The language is notable for its lack of subject pronouns. This voice gives the tourist-reader permission to watch the scenes through her own lens. She is not locked into the gaze of a controlling narrator.
The telling in these poems is straightforward and linear. And yet, time is in upheaval. The past arrives like a ghost and strips away the veneer of the present. The starting point becomes a new destination and the reader looks around midway to discover another landscape emerging.
The Surge and Return
In her 1935 essay “Poets with History and Poets without History,” Russian poet Marina Tsvetaeva likens lyric poetry to the surge and return of an ocean wave.
The same water - a different wave
What matters is that it is a wave
What matters is that the wave will return
What matters is that it will always be different
What matters most of all: however different the returning wave, it will always return as a wave of the sea.
What is a wave? Composition and muscle. The same goes for lyric poetry.
The poetry composing Otherwise Obedient follows that surge and return. There is a flow from one source and there is transformation of that flow. Often, the poems present a scene, infuse it with overwhelming detail and allow the reader to undergo the transformation.
Take for examples the poems “Green Felt Gowns” and “Drinking Wine and Eating Chocolate Cookies.” Both are content-driven containers of the literal. Yet at their conclusion, the reader has traveled from mere observation to a different perspective. The details impress their way into the readers’ psyche.
The sheer force of repetition alters what seems apparent on a first read. The data of the evening news or observations of strangers on a street becomes a collective image with wider and deeper meaning. The wave engulfs the reader.
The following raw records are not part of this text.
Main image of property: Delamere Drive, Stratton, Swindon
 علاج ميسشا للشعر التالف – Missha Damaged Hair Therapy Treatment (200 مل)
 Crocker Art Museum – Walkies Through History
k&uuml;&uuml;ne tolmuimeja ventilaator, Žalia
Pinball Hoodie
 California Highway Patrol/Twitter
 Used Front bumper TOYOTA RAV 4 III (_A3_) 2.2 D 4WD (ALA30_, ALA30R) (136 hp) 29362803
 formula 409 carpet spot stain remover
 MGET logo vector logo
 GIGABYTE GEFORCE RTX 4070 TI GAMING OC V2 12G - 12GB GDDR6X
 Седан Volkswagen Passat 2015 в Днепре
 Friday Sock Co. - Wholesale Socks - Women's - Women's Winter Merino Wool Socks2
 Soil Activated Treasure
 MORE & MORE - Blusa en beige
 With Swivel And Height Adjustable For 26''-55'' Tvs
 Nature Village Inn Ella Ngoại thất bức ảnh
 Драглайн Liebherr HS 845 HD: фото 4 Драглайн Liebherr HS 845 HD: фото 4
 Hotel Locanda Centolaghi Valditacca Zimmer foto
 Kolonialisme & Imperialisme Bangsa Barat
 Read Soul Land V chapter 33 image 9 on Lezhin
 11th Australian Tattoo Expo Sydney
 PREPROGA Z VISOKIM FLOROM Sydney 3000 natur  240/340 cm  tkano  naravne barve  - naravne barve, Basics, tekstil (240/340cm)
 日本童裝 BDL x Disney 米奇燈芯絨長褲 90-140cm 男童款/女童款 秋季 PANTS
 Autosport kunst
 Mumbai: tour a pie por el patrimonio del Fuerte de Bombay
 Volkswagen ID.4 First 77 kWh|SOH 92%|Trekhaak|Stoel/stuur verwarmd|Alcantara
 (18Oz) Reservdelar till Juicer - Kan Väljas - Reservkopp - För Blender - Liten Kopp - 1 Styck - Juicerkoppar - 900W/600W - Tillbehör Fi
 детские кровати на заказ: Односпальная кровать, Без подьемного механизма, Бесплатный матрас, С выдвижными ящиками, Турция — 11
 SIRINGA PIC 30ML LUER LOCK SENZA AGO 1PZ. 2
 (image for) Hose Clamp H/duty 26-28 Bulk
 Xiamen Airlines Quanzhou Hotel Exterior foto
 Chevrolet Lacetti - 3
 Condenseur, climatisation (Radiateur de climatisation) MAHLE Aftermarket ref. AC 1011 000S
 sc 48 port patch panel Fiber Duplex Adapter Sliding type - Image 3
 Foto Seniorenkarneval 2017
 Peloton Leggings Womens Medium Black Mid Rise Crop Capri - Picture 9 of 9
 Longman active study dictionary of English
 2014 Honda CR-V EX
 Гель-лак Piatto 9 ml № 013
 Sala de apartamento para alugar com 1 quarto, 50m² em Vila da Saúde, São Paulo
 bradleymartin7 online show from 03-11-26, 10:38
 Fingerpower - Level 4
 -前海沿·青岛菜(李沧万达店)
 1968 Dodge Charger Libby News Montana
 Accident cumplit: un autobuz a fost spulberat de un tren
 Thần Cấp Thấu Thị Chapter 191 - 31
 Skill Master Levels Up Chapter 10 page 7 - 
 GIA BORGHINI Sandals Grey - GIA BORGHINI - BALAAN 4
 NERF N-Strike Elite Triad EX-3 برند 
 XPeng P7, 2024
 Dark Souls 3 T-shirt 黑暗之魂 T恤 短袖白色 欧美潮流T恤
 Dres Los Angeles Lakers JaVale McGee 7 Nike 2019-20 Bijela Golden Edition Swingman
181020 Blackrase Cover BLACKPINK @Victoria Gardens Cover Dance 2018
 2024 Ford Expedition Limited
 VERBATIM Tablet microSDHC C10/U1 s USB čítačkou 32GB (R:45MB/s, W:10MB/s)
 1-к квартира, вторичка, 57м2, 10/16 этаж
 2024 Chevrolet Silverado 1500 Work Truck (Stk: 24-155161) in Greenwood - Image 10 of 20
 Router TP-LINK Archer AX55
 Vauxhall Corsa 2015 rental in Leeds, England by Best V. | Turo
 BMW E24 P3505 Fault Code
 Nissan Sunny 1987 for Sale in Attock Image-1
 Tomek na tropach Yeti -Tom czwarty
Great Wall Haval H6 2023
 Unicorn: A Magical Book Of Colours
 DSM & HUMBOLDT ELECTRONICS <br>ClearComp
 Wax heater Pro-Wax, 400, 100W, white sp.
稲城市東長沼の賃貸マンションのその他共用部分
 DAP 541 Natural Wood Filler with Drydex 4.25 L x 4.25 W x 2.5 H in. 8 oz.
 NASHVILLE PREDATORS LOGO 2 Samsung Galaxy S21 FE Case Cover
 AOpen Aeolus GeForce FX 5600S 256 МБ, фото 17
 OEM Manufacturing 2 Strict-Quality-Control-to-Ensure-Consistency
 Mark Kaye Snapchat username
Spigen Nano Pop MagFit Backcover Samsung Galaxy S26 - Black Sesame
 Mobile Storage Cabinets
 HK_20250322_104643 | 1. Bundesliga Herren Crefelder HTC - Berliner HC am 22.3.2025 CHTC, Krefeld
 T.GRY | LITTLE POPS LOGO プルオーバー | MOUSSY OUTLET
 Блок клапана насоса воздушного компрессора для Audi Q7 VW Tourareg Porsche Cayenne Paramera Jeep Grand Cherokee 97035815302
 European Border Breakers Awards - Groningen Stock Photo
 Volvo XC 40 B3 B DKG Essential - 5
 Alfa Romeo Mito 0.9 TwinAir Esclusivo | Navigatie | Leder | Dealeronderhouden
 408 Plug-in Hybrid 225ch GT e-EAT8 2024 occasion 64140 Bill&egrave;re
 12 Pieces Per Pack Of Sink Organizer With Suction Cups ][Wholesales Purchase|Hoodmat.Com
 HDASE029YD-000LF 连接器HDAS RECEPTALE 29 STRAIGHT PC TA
The motion carries her along and then spins her out of its grasp. She looks back to the ocean, sees the same ocean but now with a fresh perspective.
The "god" Poems
In the end, Potter can accomplish this transformation only with the willing participation of her readers. We can ride the undulating waves of her lyrics with eyes squeezed shut or with eyes wide open. Her series of “god” poems encounter this omnipotence in the individual, whether a passenger on a bus or a gardener tending to his tasks. Omnipotence has its responsibilities though. It makes decisions about intentionality. It governs perception and response. Or it floats along, carried by the tide of indifference, consenting to its powerlessness.
The “god” poems seek identity and find it everywhere, in everything and everybody. Mostly, the “god” poems ask questions about determination. What will it be – a ride or a drive? Will we be changed or will we remain the same, untouched by our power to transform?
The poems in Otherwise Obedient encompass pain. The collection comes full circle in a journey that begins and ends with particulars. It pushes those particulars to their outer limits, to recognition of the difference between the person who is acted upon and the person who chooses to act.
References:
Potter, Carol. Otherwise Obedient. LA: Red Hen Press, 2008.
Tsvetaeva, Marina, and Angela Livingstone, Trans. Art in the Light of Conscience: Eight Essays on Poetry. Cambridge, MA: Harvard Univ Press, 1992.